To help understand model variation and accuracy, we used K-fold cross-validation implemented in GEE and applied it to the final 100-member model ensemble [66,67]. We used 5 folds of the 100-member model ensemble, which meant that the accuracy results are based on 500 model runs. This approach provided good accuracy estimates because of the large number of runs and the large number of pixels used for evaluation (~20 M).

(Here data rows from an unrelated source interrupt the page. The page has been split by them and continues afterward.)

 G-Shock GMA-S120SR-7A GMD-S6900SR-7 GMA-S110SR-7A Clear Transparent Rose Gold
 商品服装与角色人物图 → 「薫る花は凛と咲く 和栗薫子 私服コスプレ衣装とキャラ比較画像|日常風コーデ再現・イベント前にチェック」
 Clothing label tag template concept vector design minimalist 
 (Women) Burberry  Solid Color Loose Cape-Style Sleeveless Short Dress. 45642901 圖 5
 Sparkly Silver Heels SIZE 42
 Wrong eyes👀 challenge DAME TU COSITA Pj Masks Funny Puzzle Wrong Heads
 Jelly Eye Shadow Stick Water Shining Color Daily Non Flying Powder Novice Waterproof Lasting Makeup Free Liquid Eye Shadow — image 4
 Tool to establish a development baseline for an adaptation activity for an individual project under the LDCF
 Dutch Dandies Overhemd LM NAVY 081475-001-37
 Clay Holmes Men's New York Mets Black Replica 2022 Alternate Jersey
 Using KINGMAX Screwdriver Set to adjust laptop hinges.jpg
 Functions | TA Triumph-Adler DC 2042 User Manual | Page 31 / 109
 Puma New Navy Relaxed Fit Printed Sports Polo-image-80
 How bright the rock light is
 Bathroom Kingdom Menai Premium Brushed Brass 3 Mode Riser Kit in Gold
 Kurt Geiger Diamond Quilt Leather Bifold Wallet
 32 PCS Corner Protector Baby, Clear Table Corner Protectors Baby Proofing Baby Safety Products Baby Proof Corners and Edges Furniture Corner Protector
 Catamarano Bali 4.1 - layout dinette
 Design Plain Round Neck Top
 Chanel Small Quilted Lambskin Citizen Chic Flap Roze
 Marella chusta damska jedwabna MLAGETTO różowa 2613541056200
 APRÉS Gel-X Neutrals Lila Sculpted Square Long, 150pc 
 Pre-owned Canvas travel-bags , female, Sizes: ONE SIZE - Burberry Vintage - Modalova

To evaluate model performance, we report several accuracy metrics using the ~20 M pixels from the ensemble runs. These metrics include the Model Average, which is the mean coniferous forest pixel count predicted across the ensemble runs for a given year; the Model Median, which is the central value of those predictions, and is less sensitive to extreme realizations; the Percent Difference, which compares model results (both the average and median values) to the NLCD reference value, indicating relative over- or underestimation; and finally, the Standard Deviation, which quantifies the spread of model predictions across the ensemble, providing a measure of uncertainty for each year

In addition to computing accuracy metrics, we conducted a visual comparison of our model results with the NLCD data to determine if there were spatial trends or patterns in prediction errors between the model and the NLCD data. For the visual analysis, from the 100-member ensemble, we selected the run with the results closest to the ensemble average and generated difference images between the model-generated classification and the NLCD dataset for each of the 9 years. These different images labeled each pixel with one of three values: no-change (our model matched the NLCD data), classified as evergreen by our model but not by the NLCD, or classified as evergreen by the NLCD but not by our model. This allowed us to both assess the accuracy of the model and identify spatial or pattern trends in accuracy.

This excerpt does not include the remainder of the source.